Sempre me comovo ao vê-la. A mulher altiva que foi cedeu ao
peso dos 90 anos. As pernas dão os passos com muita dificuldade, e a coluna arqueou
para a frente. Os pés muito inchados querem escapar dos poucos calçados que ainda preservam algum conforto. Ela se desloca pela casa lentamente, apoiada num andador. Recusa sistematicamente
ajudas: impõe-se o desafio de fazer tudo sozinha. Ou quase tudo. Não vai ceder
facilmente às limitações.
Quando cheguei, veio me receber com um livro e papéis à
mão. Tinha alguma pressa. Logo sentou-se ao meu lado. Explicou que fizera uma
segunda cópia do texto que eu lhe dera. Entregou-me uma das cópias, limpa, para
eu anotar o que ela me diria. Ficou com a segunda cópia, onde tinha feito apontamentos. Muitos. De relance, olhei as páginas entre suas mãos, cheias de
notas. Estremeci, como uma estudante na expectativa da correção de um trabalho. Teria ela me aprovado, ou não?

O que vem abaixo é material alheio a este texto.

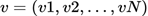 $$\begin{equation}<br />
v=(v1,v2,…,vN)<br />
\end{equation}$$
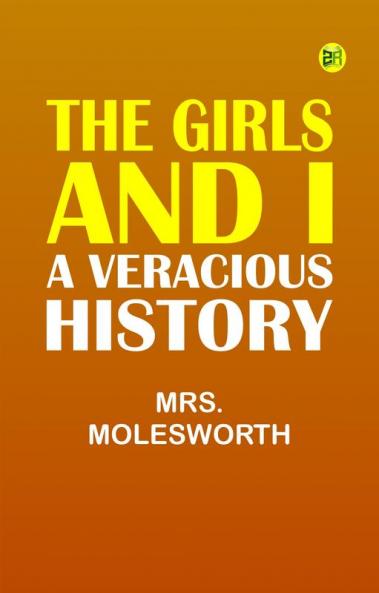 The Girls and I: A Veracious History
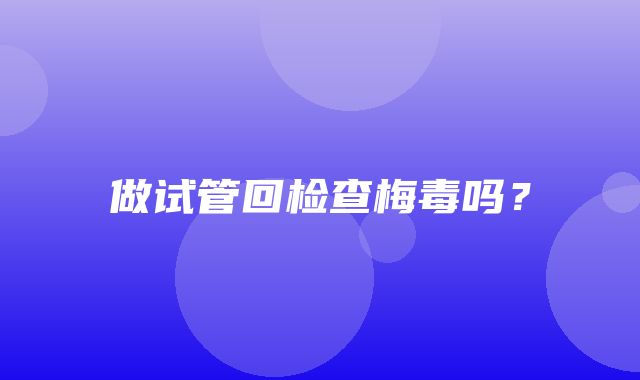 做试管回检查梅毒吗？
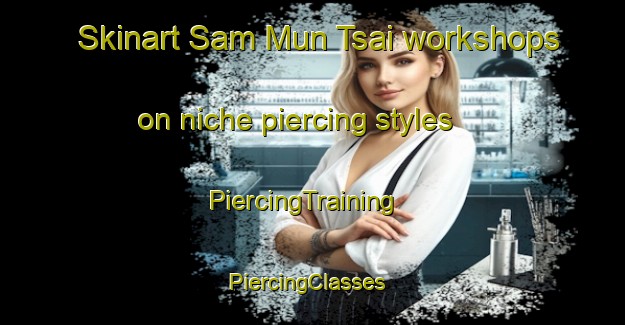 Skinart Sam Mun Tsai workshops on niche piercing styles | PiercingTraining | PiercingClasses | SkinartTraining-Hong Kong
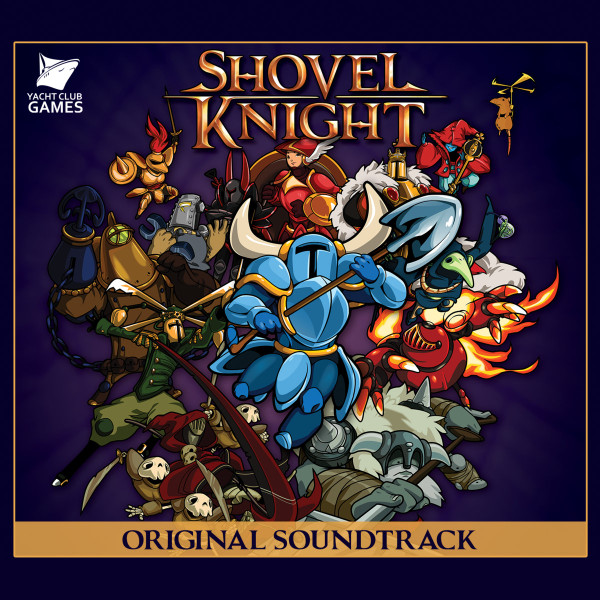 Jake Kaufman - Shovel Knight Original Soundtrack | Releases | Discogs
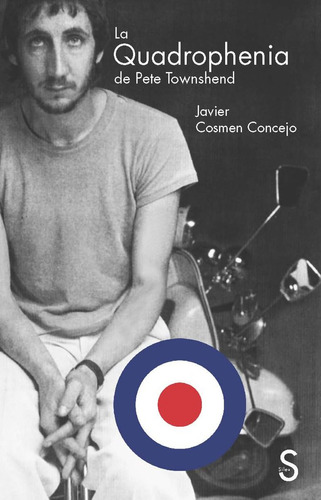 Quadrophenia De Pete Townshend,la - Cosme Concejo, Javier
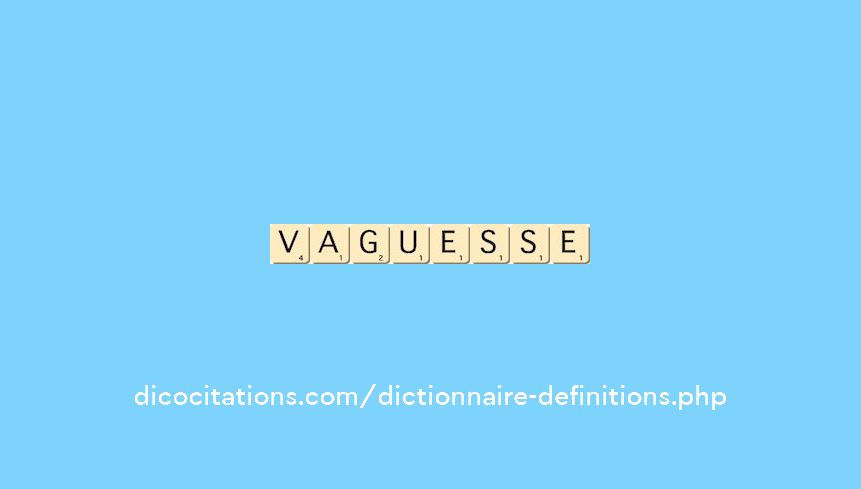 vaguesse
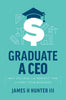 Graduate a CEO: Why College Is the Perfect Time to Start Your Business - Paperback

Então ela começou a ler cada parágrafo do meu texto de
15 páginas. E, para cada um deles, fez comentários, realçou ideias, corrigiu
outras, corrigiu frases, informações. Antes de passar à frente, sentenciava: “este ficou
bom, pode deixar como está”, ou “aqui você tem que corrigir”, ou “isto não pode
ficar assim”, ou “esta página toda ficou muito boa, era assim mesmo”. Explicou-me,
severa, as diferenças entre a escola nova e o pensamento de Piaget. Eu deveria
estar segura para fazer a distinção, e não deixar dúvidas, por qualquer
ambiguidade conceitual no texto.
Numa fração ínfima de tempo, encontrei-me no começo dos anos
1980, quando ela foi minha professora no curso de graduação, e assumia aquela
mesma postura comigo, nos meus 19 anos. No começo deste encontro, fiquei preocupada: seria possível, ainda, eu modificar todo o texto já encaminhado para a organização do livro? Depois
me acalmei, entendendo que seria necessário, sim, fazer alguns ajustes; mas não precisava mudar
tudo. O principal, ali, não era a correção propriamente do texto, mas o reencontro da estudante com sua professora, num
exercício fecundo e afetivo.
Anotei tudo. Depois ela me entregou também a sua versão do texto impresso, com as
anotações feitas de próprio punho: letra frágil, muito leve, quase ilegível. Ao final, sinalizou sua aprovação, convidando-me para escrever um livro sobre
o centro de ensino que ela tanto amou. Pediu-me para fazer o trabalho, e
prometeu que me ajudaria, informando todos os contatos e documentos de que tinha
notícias. Disse-me, ainda, que ela gostaria de participar em todas as etapas, para ajudá-la a
reativar a memória. Sentia-se muito inativa.
Quando saí dali, levava comigo meu trabalho (não, não era o capítulo de um livro...), corrigido por
minha mestra. Levava também a emoção renascida da estudante que ainda não
completara duas décadas de vida, diante da mestra que já vivera nove décadas.